Memperhatikan urgensi ini, khususnya dalam konteks kehidupan orang Toraja masa kini, secara langsung akan menimbulkan beberapa pertanyaan serius. Antara lain, masih tepatkah prinsip itu dipertahankan dan dipengang erat? Ini bukan saja karena mengingat bahwa jaman ini sudah demikian modern untuk sebuah tradisi yang telah berlangsung sangat lama, tetapi juga karena umumnya orang Toraja masa kini adalah penganut Kristen Protestan.
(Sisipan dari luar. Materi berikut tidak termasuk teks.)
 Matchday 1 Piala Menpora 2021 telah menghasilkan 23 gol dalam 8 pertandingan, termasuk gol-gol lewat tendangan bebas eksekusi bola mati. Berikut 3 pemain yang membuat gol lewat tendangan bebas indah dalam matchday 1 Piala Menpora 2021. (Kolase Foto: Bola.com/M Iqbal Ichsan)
Apakah atau adakah relevansi ajaran Kristen terhadap ritual Rambu Solo’? Dapatkah keduanya berjalan sejajar, sebagaimana yang hari ini terjadi di kalangan masyarakat Kristen Toraja? Dari perspektif ajaran Kristen Prostestan yang kesemuanya dibangun berdasarkan Alkitab, setegas tegasnya jawabannya adalah, tidak. Tidak dalam arti, sama sekali tidak memiliki relevansi. Untuk itu, berikut kami akan menyajikan beberapa point sebagai jawaban.
1.      Semua manusia ada sebagai yang diciptakan Tuhan, bukan sudah ada sejak dari kekekalan.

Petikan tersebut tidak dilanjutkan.